» Task item: Using the data that follows, output only the lines from the line with "生产准备工段基本岗位职责" up to and including the line with "175 185 195", exactly, leaving pictures aside.

Segment Start: Input records

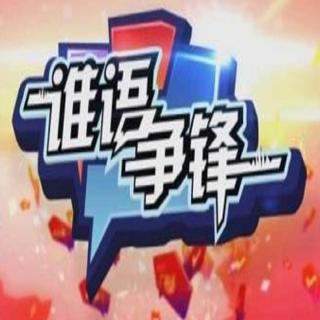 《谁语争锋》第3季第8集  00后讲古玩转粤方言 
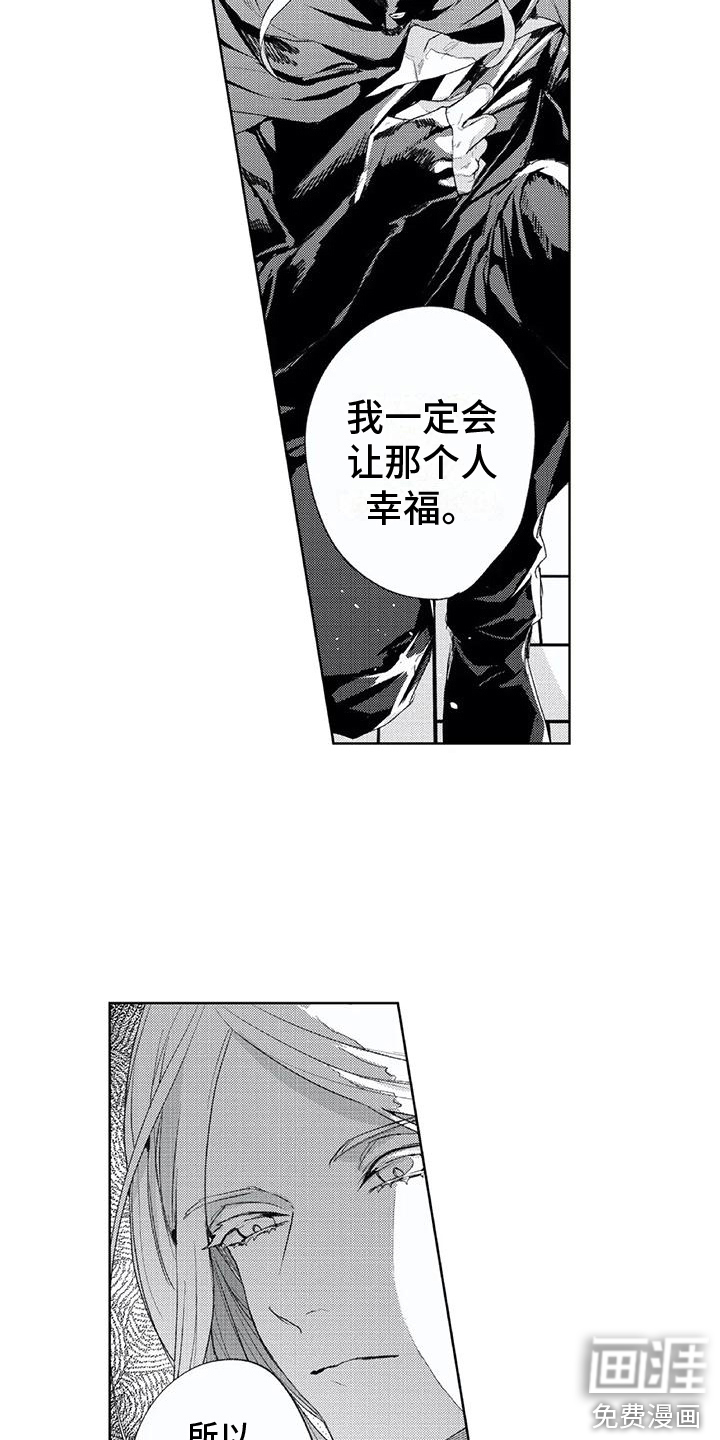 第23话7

Segment End: Input records
Segment Start: Input records

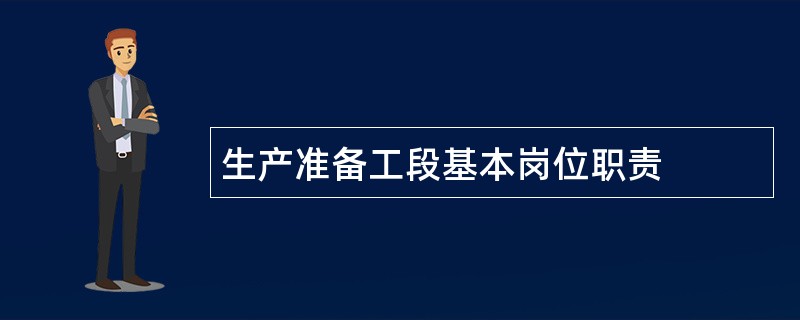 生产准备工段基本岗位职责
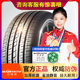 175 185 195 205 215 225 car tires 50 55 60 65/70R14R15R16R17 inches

Segment End: Input records
Segment Start: Input records

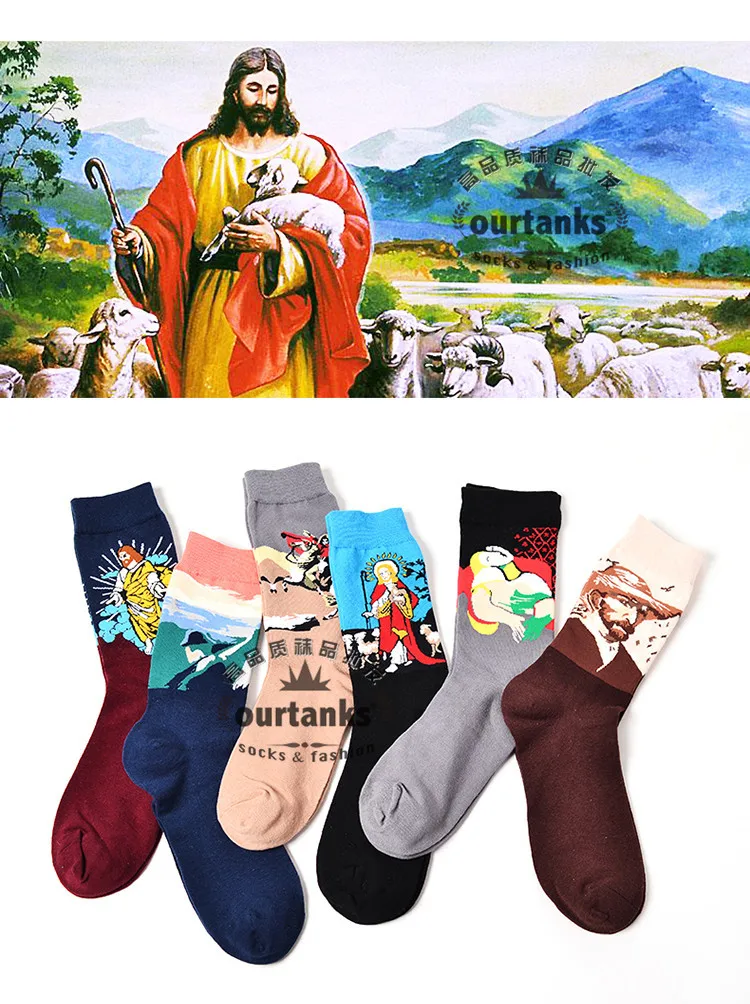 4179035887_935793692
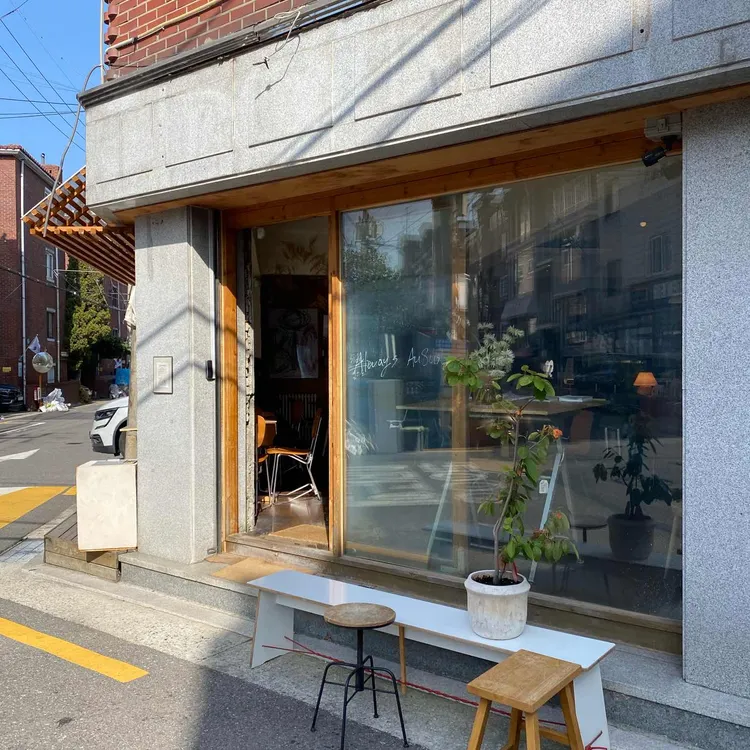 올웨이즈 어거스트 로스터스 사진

Segment End: Input records

» Result:
 生产准备工段基本岗位职责
 175 185 195 205 215 225 car tires 50 55 60 65/70R14R15R16R17 inches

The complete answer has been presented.